C’est une plongée dans le monde du silence, sans le défunt commandant Cousteau. Un monde parallèle au nôtre. Celui des sourds. Minorité invisible. Des personnes «en situation de handicap», dit-on en les plaignant. Jugement condescendant. Excluant. David Raboud, 38 ans, l’un des animateurs de l’émission «Signes» sur la RTS, préfère en sourire. Un type bien. Et beau gosse. Né sourd profond, ce Fribourgeois d’adoption croque la vie et revendique sa différence. Il gagne sa vie comme automaticien. Un temps partiel (80%) qui lui offre du temps avec Gabin, son fils en bas âge. Comme ce dernier, Clarisse, sa femme, est entendante. David Raboud conduit, voyage, cuisine, participe aux tâches ménagères. Un homme épanoui qui sera bientôt de nouveau papa.
Une vie heureuse. Sans musique. «Je connais des sourds qui rêvent de découvrir la musique, mais moi, ça ne m’intéresse pas, avoue-t-il d’emblée chez lui, à Cousset (FR), en présence de son épouse et de Milène, une amie du couple, interprète. On n’est pas tous pareils. Cela dépend de notre éducation, de notre identité, de notre niveau de surdité.» David l’affirme: il ne manque de rien. Au contraire. «Je n’ai que quatre sens, mais ils sont hyper-développés. Mon monde est visuel. Il y a tant à voir...» Cadet de deux enfants sourds nés de parents sourds, il a grandi avec sa sœur Emmanuelle à Choëx, près de Monthey (VS). Père menuisier, mère ouvrière dans l’horlogerie. «Ils m’ont transmis la culture sourde. Une chance inouïe qu’eux-mêmes n’ont pas eue, puisque la langue des signes est restée interdite jusqu’en 1980! On les a forcés à parler, à oraliser avec les lèvres. Ça les a traumatisés.» Souffrance. «Ils ont passé des années à apprendre à parler une langue qu’ils n’ont jamais entendue, mais grâce à eux, entre ce qu’ils m’ont donné et les endroits où ils m’ont emmené, j’ai grandi avec le sentiment d’appartenir à une communauté.»
Enfants, David et sa sœur ont fréquenté une école spécialisée à Sion, où la famille a déménagé, avant de revenir ensuite à Choëx. «A 23 ans, je suis parti vivre en coloc à Bulle.» Soif de rencontres, d’expériences, de découvertes.

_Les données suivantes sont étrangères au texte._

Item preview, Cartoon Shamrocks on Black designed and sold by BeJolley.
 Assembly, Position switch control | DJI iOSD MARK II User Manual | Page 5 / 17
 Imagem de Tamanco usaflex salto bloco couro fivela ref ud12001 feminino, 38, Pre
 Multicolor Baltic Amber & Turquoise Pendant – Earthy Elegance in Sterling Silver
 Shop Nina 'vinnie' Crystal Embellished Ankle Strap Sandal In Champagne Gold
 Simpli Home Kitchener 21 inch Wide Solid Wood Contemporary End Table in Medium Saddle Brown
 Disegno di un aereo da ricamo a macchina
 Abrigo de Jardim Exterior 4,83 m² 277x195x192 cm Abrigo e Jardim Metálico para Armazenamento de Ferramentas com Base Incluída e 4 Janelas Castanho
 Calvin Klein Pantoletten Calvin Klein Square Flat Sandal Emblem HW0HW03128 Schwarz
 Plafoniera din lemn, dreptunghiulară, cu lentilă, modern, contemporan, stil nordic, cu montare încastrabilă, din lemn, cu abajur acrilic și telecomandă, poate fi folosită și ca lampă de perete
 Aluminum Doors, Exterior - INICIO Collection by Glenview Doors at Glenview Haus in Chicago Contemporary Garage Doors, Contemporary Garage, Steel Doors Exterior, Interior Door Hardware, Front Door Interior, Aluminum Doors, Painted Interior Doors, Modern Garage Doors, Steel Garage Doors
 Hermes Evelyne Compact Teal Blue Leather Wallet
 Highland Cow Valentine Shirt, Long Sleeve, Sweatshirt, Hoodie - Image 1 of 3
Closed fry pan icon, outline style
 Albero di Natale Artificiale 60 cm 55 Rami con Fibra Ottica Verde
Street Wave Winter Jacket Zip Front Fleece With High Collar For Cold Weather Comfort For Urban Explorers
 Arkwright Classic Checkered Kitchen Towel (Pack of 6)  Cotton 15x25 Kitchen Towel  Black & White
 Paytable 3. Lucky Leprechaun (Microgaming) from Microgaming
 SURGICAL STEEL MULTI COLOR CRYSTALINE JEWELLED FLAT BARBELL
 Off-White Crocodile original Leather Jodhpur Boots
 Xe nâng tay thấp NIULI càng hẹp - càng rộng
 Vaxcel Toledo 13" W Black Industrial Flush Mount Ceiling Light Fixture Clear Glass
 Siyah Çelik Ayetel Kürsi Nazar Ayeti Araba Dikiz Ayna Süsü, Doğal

Clarisse, son épouse, a grandi à Poitiers. Son père, à l’origine luthier, y enseignait la musique, ironie du sort, à l’université. Le hasard l’a conduite, étudiante, vers la communauté sourde au camp d’été des Marmettes, à Monthey. Elle tracera son chemin dans la langue des signes, jusqu’à devenir interprète. Elle a rencontré David dans un café des signes (un bistrot où, l’espace d’une soirée, le personnel est sourd et des interprètes sont conviés, ndlr), à Fribourg. Attirance. Rapprochement. Mariage. «C’est un peu par magie que j’ai rencontré Clarisse, qui était déjà imprégnée de la culture sourde», avoue David, reconnaissant. Dans la communauté sourde, leur mixité, peu courante, a fait sourire. Ils forment pourtant un joli couple et sont fiers de Gabin, leur fiston. Un gamin qui va profiter d’une double culture. Il a déjà compris que ses parents sont différents et qu’il doit entrer dans le champ visuel de son papa quand celui-ci lui tourne le dos. «Il tend sa main pour capter mon regard. C’est très touchant.»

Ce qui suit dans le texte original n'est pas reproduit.